To solve this problem, we need to address two main points:

1. The matrix $B$ is given as: $B = \begin{bmatrix} 3x & x \\ 2x & \frac{x}{2} \end{bmatrix}$

2. We need to determine the possible values of $x$ such that the determinant $|B| = -8$ and $B$ is singular.

Steps to Solution

Step 1: Calculate the Determinant of $B$

For a $2 \times 2$ matrix of the form: $\begin{bmatrix} a & b \\ c & d \end{bmatrix}$ the determinant is calculated as: $|B| = ad - bc$

In this case:

• $a = 3x$
• $b = x$
• $c = 2x$
• $d = \frac{x}{2}$

So the determinant of $B$ is: $|B| = (3x) \left(\frac{x}{2}\right) - (x)(2x)$ Expanding this: $|B| = \frac{3x^2}{2} - 2x^2$

To simplify further, convert $2x^2$ to have a common denominator: $|B| = \frac{3x^2}{2} - \frac{4x^2}{2} = \frac{-x^2}{2}$ Thus: $|B| = -\frac{x^2}{2}$

Step 2: Set the Determinant to $-8$

Since we are given $|B| = -8$, substitute this into our equation: $-\frac{x^2}{2} = -8$

Multiply both sides by $-2$: $x^2 = 16$

Taking the square root of both sides, we get: $x = \pm 4$

Step 3: Check the Condition for $B$ to be Singular

A matrix is singular if its determinant is zero.
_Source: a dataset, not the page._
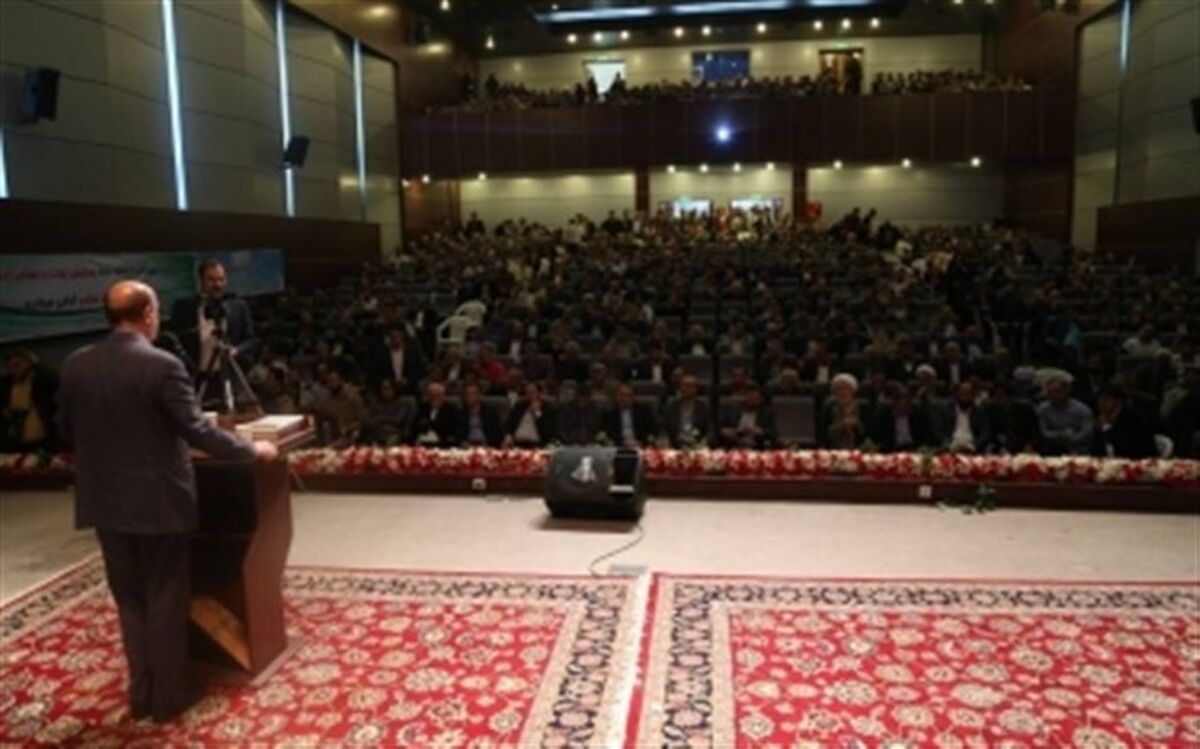 تقویت اقوام و عشایر موجب ماندگاری و حفظ هویت ایرانی است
However, since we are given a specific non-zero value for the determinant ($-8$), this means the condition of singularity here might be a misunderstanding, or they intended to highlight the calculation with $|B| = -8$ explicitly rather than enforcing singularity directly.

Final Answer

The possible values of $x$ are: $x = \pm 4$

Would you like a deeper explanation on any specific part of this solution?

Here are some additional questions to consider:

1. How would the solution change if the matrix $B$ were required to be singular?
2. What is the determinant when $x = 0$, and does it satisfy any conditions?
3. What is the significance of the matrix being singular in this problem?
4. How do we interpret complex solutions if any arise in a similar problem?
5. What other methods can be used to verify the determinant calculations?

Tip: When working with determinants, always check if a matrix can be simplified before computation for faster results.